If it's summer there must be Shakespeare... as ubiquitous as music festivals and Pimms, outdoor versions of the bards works emerge from the foliage of parks and gardens across the southwest. And not just outdoor venues:
Bristol Shakespeare Festival includes, among an exciting programme throughout July,
Butterfly theatre company's production of
Hamlet in the Redcliffe Caves.
These caverns are low ceilinged, and labyrinthine, lit largely by candles, a fantastic setting for dark melodrama. As audience we hastened, shuffling rather than promenading, along tiny passages to voyeur each new strand in this murderous web of intrigue. Our torches flickered on the faces of the innocent and the guilty, shadows flickered on the walls, Ophelia's beautiful mad song echoed softly and the angry ghost's death-rattle haunted the rocks... and there were two terrific set-pieces in a more open, clearly-lit, space: a comedy act by the players hired by Hamlet to 'catch the conscience of the king' effectively involving random audience members, and the final death-fest, a dramatic sword fight as all the still-surviving main characters slaughter each other. Vigorously abridged and pacily acted ~ the kings, both living and dead, especially strong ~ there was only one faltering step in my book and that was the replacement of Shakespeare's marvellously sententious creation Polonius for a bustling Mrs Bennett who had to be bricked squeaking to death without benefit of arras. Other than that small quibble, an excellent show, atmospheric and gruesomely entertaining, and I would be urging you to go see, except it's now sold out for the rest of the run.
David Hare's 1995 play
Skylight, now revived by the National Theatre at Wyndhams and on nt Live screening, also begins with an angry young man railing about his surviving parent. This tale however isn't about revenge but atonement, as businessman Tom reconnects with ex-lover teacher Keyra in a passionate clash of ideals.

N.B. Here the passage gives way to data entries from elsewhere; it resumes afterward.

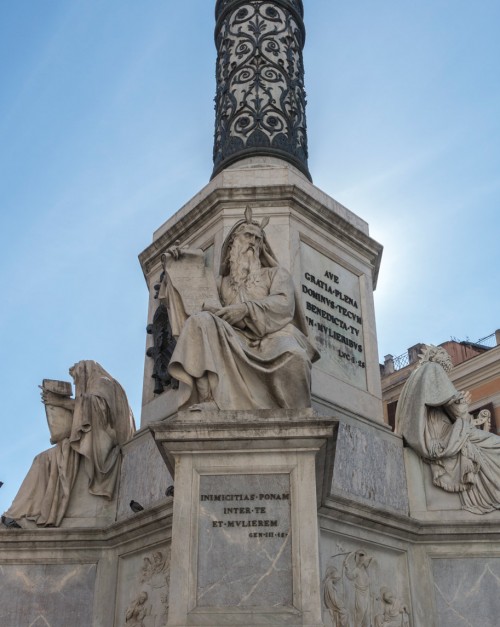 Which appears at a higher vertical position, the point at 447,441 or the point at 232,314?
the point at 232,314

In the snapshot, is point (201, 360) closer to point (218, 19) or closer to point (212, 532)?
point (212, 532)

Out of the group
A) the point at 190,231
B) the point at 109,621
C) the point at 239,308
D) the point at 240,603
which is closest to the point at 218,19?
the point at 190,231

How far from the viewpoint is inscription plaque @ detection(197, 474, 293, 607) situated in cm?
658

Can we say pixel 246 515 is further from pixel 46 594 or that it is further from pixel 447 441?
pixel 447 441

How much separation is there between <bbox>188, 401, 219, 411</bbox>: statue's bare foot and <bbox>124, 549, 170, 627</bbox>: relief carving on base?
2.44m

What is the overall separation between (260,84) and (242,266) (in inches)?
212

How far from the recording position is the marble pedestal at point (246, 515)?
6516 mm

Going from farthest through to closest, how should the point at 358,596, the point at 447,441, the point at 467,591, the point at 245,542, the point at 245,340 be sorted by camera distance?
the point at 447,441, the point at 467,591, the point at 358,596, the point at 245,340, the point at 245,542

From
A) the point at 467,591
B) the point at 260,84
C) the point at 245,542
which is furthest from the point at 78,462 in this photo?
the point at 260,84

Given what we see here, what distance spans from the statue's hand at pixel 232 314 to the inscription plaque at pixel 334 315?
2528 millimetres

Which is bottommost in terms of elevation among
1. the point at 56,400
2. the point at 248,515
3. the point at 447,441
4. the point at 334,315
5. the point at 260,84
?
the point at 248,515

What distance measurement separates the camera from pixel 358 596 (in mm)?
8875

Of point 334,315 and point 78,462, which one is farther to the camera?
point 334,315

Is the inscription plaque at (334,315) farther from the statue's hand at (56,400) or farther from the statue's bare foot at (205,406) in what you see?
the statue's hand at (56,400) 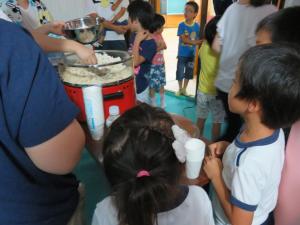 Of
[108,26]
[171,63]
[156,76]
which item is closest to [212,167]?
[156,76]

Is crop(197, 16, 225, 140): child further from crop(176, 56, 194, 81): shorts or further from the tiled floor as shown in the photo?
the tiled floor

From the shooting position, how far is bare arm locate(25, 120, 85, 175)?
0.53 m

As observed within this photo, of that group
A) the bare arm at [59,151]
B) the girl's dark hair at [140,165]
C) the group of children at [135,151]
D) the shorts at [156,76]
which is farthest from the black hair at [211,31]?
the bare arm at [59,151]

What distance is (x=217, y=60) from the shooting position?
1.82m

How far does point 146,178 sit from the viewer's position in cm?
55

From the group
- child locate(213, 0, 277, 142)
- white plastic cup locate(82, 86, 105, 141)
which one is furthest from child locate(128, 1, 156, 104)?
white plastic cup locate(82, 86, 105, 141)

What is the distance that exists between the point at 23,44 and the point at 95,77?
0.64 m

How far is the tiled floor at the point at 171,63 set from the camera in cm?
331

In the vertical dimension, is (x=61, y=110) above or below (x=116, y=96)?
above

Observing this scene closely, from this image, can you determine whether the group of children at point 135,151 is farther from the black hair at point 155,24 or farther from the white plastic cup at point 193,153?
the black hair at point 155,24

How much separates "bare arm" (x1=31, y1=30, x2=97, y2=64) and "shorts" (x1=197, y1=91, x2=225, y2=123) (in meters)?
1.14

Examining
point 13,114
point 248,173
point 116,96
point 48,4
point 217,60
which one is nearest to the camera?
point 13,114

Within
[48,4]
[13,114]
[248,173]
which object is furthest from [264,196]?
[48,4]

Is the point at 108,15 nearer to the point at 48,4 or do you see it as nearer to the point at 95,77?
the point at 48,4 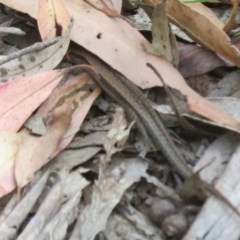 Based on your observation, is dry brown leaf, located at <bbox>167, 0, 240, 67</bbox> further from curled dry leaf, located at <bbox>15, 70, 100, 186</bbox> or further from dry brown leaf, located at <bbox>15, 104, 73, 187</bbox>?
dry brown leaf, located at <bbox>15, 104, 73, 187</bbox>

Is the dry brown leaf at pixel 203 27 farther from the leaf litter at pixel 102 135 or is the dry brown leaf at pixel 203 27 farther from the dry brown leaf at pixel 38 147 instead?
the dry brown leaf at pixel 38 147

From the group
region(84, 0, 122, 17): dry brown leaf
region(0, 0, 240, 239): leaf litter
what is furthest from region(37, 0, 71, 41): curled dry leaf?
region(84, 0, 122, 17): dry brown leaf

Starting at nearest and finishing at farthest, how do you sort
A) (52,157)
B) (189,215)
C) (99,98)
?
(189,215) < (52,157) < (99,98)

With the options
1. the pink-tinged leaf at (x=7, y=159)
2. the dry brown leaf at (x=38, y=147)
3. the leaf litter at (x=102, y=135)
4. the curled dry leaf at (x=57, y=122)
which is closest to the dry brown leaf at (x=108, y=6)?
the leaf litter at (x=102, y=135)

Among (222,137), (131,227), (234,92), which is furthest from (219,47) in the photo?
(131,227)

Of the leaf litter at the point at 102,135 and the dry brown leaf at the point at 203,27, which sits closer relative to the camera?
the leaf litter at the point at 102,135

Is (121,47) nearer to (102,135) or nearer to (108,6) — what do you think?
(108,6)

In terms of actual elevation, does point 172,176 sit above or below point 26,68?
below

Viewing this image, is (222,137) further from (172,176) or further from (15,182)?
(15,182) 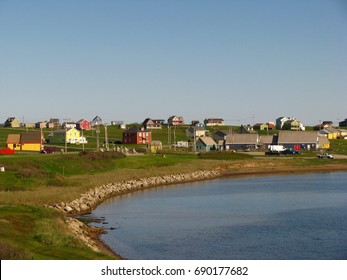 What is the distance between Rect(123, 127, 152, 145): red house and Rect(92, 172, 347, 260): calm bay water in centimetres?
5590

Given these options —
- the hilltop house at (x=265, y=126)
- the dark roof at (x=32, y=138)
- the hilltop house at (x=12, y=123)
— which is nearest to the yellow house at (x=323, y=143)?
the hilltop house at (x=265, y=126)

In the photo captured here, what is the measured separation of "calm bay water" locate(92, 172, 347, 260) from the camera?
107 feet

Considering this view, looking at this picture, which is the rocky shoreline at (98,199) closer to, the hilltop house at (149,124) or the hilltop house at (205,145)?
the hilltop house at (205,145)

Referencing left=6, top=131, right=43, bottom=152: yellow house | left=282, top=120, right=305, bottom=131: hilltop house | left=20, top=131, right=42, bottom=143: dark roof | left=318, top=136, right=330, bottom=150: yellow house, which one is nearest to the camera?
left=6, top=131, right=43, bottom=152: yellow house

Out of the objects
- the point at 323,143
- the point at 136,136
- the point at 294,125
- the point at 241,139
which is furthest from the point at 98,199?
the point at 294,125

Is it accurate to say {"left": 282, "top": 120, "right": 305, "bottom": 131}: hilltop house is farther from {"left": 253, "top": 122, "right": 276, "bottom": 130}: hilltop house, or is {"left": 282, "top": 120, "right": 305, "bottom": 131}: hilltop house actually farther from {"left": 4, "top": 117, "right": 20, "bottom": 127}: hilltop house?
{"left": 4, "top": 117, "right": 20, "bottom": 127}: hilltop house

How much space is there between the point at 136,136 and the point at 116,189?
63.1 meters

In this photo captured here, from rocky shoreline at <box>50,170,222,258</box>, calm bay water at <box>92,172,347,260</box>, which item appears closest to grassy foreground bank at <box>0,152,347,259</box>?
rocky shoreline at <box>50,170,222,258</box>

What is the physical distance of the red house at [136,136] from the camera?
124938 mm

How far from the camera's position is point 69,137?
12075cm

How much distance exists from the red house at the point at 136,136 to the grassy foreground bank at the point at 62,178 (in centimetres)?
2623

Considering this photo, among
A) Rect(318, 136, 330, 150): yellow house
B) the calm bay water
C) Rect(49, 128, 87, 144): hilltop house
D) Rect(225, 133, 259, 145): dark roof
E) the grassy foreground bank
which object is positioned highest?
Rect(49, 128, 87, 144): hilltop house

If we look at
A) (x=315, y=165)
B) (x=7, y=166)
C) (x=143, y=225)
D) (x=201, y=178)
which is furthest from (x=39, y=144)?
(x=143, y=225)

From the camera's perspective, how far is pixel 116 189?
62.1 m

"I wanted to write a love story" the playwright tells Emma Freud in an interval interview, "and I've never written a play set in a room." With so much of the dialogue polarised argument I'm not convinced on the first aim but the play is certainly set in a room, though the title feature was in a different room and created by Tom for his dying wife, apparently in guilt for his infidelity. This room is Keyra's, and it's easy to share Tom's feeling there's something wilful in a woman on an Inner London teacher's salary with no dependents, or even the cost of running a car, choosing anywhere quite so dismal and unheated. There's a lot of 'relevance' still in the couple's debates, and some very funny lines but, especially with filmic close-ups emphasising the age-difference, the relationship doesn't really convince. Nevertheless, big credit to Merlin Theatre for bringing these ntLive shows to an appreciative full-house audience ~ this one's getting sizzling 5-star reviews from live audience reviewers ~ and I'll be at the next screening, though probably still churlishly muttering I'd rather be there in the flesh...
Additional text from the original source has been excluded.